What the exercise asks: Each line below is to be copied exactly as it appears.

Stored data:
BEGIN
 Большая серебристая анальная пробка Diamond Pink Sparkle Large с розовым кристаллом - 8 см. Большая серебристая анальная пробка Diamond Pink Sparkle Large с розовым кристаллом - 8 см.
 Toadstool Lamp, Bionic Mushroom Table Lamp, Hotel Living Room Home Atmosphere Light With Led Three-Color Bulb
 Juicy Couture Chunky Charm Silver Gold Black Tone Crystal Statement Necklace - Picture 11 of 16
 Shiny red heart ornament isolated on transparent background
END
Answer for this exercise:
 Большая серебристая анальная пробка Diamond Pink Sparkle Large с розовым кристаллом - 8 см. Большая серебристая анальная пробка Diamond Pink Sparkle Large с розовым кристаллом - 8 см.
 Toadstool Lamp, Bionic Mushroom Table Lamp, Hotel Living Room Home Atmosphere Light With Led Three-Color Bulb
 Juicy Couture Chunky Charm Silver Gold Black Tone Crystal Statement Necklace - Picture 11 of 16
 Shiny red heart ornament isolated on transparent background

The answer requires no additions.